Brief - Once the line containing "Image of Liberty" is found in the data below, repeat it and every later line exactly, leaving the pictures out.
^^^^^^^^
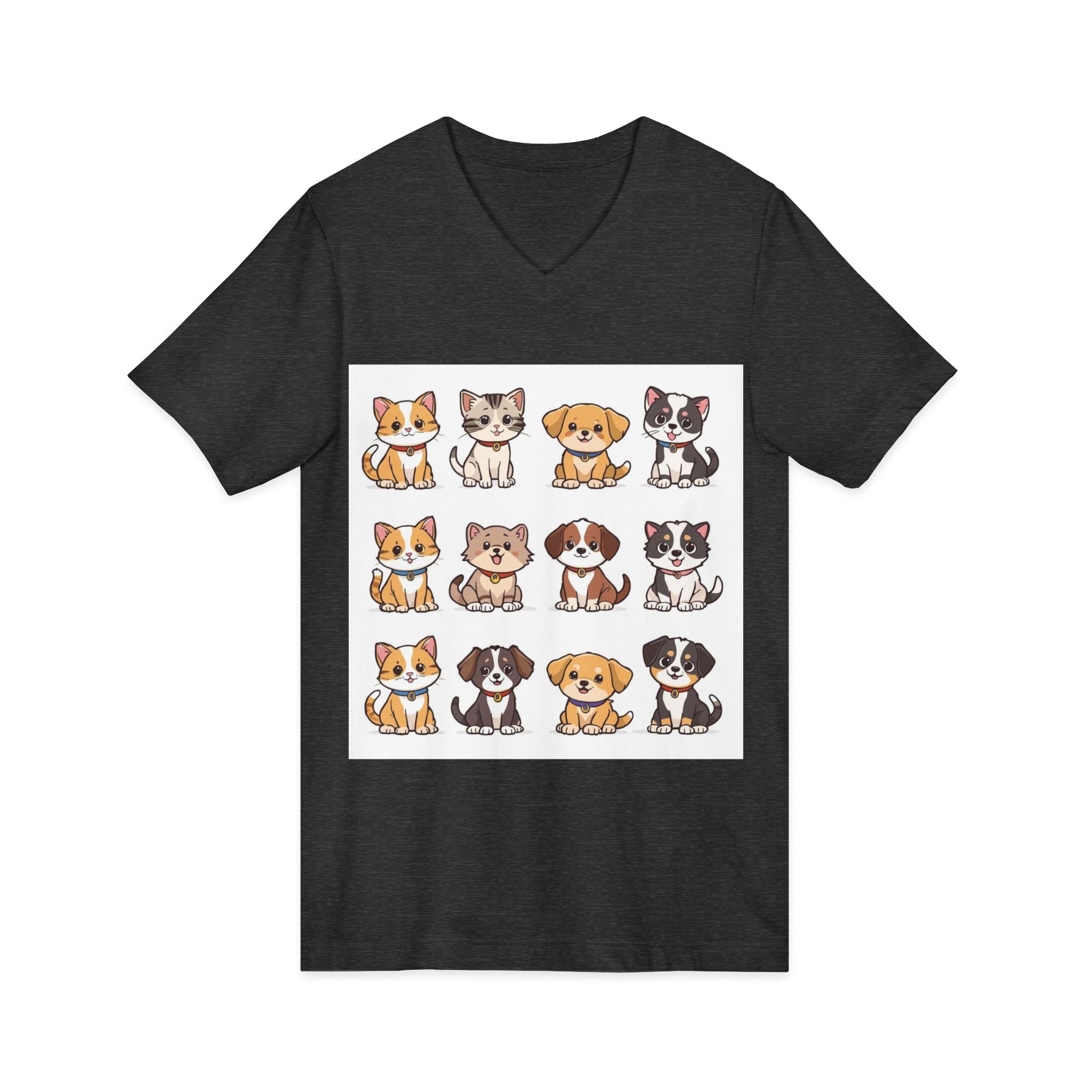 Pet Lover V-Neck Tee - Cute Kittens and Puppies T-shirt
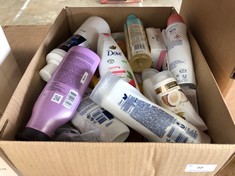 QTY OF BEAUTY ITEMS TO INCLUDE DOVE BODY LOVE BODY LOTION 250ML - COLLECTION ONLY - LOCATION A RACK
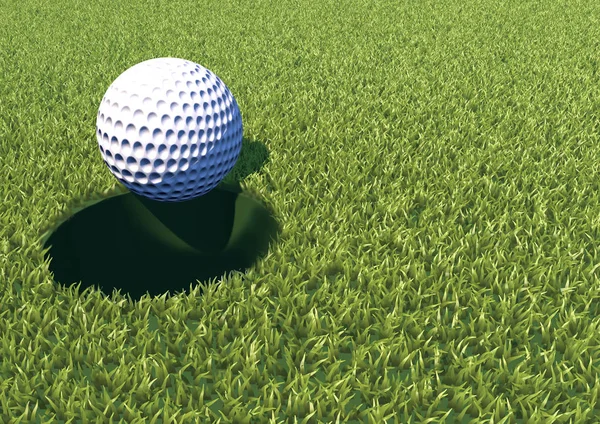 Гольф Мяч Зеленом — стоковое фото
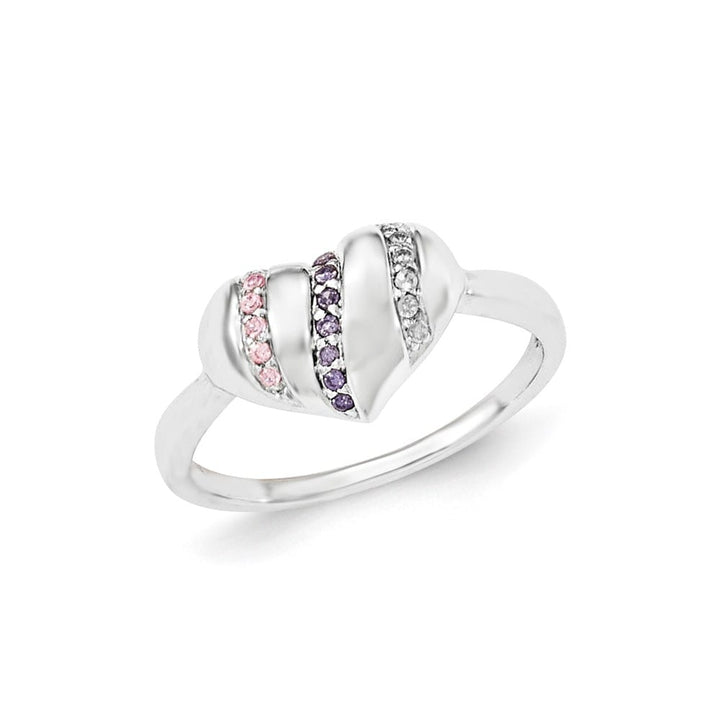 Sterling Silver Purple, Pink & Clear CZ Heart Ring Ladies Stock Size 7 Ring Are Refundable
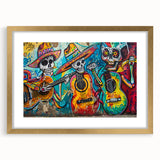 Colorful Cinco de Mayo Wall Art - Mexican Fiesta Skeleton Guitarists
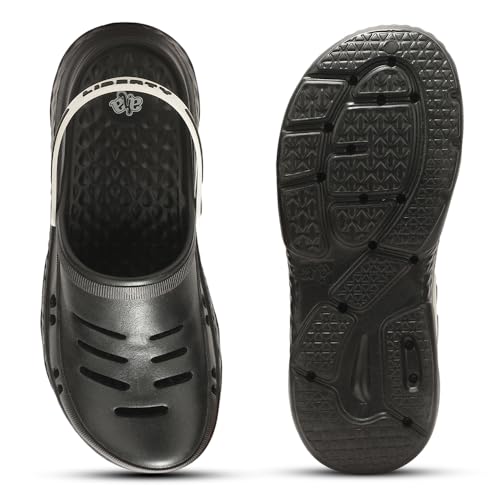 Image of Liberty A-HA BEACHRIDEM Clogs for Men - Black & Grey EVA Slip-On Casual Clogs | Soft Moulded Footbed, Lightweight Everyday Footwear for Home, Casual, Errands, Daily, Outdoor & Relaxed Wear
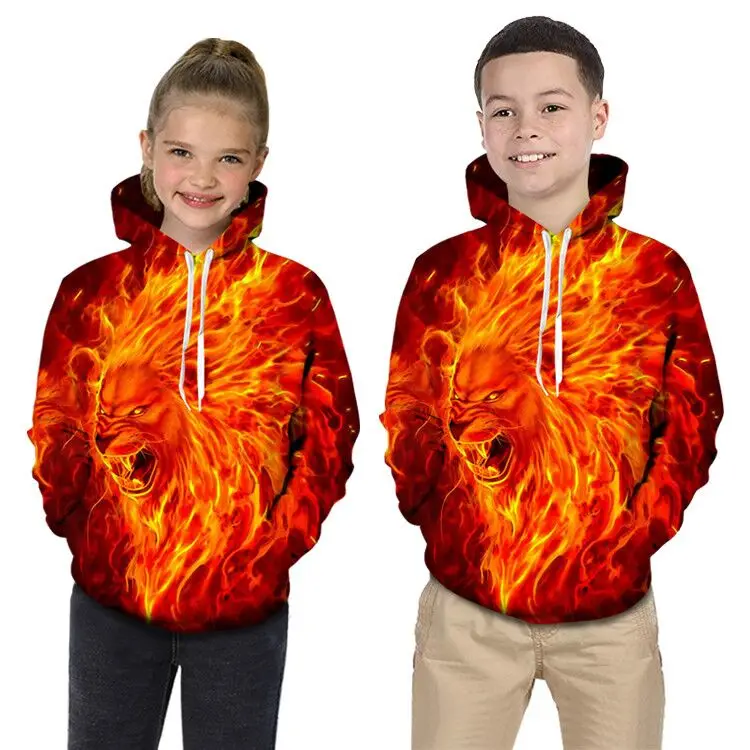 

2019 boys hot 3d print hoodies flame lion head girls hoodie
^^^^^^^^
Exercise answer -
 Image of Liberty A-HA BEACHRIDEM Clogs for Men - Black & Grey EVA Slip-On Casual Clogs | Soft Moulded Footbed, Lightweight Everyday Footwear for Home, Casual, Errands, Daily, Outdoor & Relaxed Wear

2019 boys hot 3d print hoodies flame lion head girls hoodie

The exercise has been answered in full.